In rural areas like Hammond, he continued, where traffic is infrequent and the lulls he spoke of are common, its easy to hear and locate distant noise sources. Few people, few machines and little man-made noise, he said, coupled with the “Silent Nights” those in Hammond are accustomed to, are a real draw to those looking at property in this area.
He said he expects the background noise level in Hammond to be somewhere between 25 and 35 dBA, while the wind industry, he said, says its between 40 and 45 dBA.
“I just don’t see how that’s possible,” he said of the second set of numbers.
Following Mr. Ebbing’s presentation, the pro-wind faction of Hammond residents peppered him with questions about his credentials, who he was “in cahoots” with, and his professional ability. They questioned the credibility of his study, saying it was unscientific and biased as well as controlled. They pitted him against the wind companies and told him that he and the wind committee were not qualified to conduct such a study. In the midst of the meeting, Town Supervisor Ronald W. Bertram took the floor, explaining that despite what some members of the community thought, the wind committee’s activity was very valuable and that he thought a study such as the one Mr. Ebbing suggested would allow the committee to get a real sense of the problem it’s dealing with.
However, he also said that he didn’t expect the study to produce a “magic number” about sound that would then be inserted into a new version of the wind law.
Mr. Bertram also addressed the issue of time, saying that despite the one-year moratorium extension that was passed in July by the town board, he expected the wind committee’s work to be done by December. He also explained that his idea of consensus, which the committee is having trouble arriving at on any issue, has been altered.
“I have no problem with a majority opinion, for lack of a better word, based on science.

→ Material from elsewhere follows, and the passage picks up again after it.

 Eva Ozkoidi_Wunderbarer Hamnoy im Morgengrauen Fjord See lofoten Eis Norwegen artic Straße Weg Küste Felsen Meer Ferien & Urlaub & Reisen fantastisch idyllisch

Minority reports will also be considered,” the supervisor said.
After that, the meeting fell once again into a back and forth between residents, Mr. Ebbing and Mr. Duff.
Several members of the committee did volunteer to participate if such a study were to take place, but the agenda fell apart from there on.
Items on the agenda left unresolved included the long term agenda for the committee and the continuation of a prior discussion regarding property line versus residence for measuring setbacks, as well as whether sound standards would be fixed or relative. Committee member Frederick A. Proven suggested briefly revisiting the sound issue at the next meeting and moving on to other issues if the committee cannot come up with a recommendation at that point.
Committee member Leonard Bickelhaupt suggested moving on to economic impacts, such as the Payment in Lieu of Taxes agreements that are common for such projects.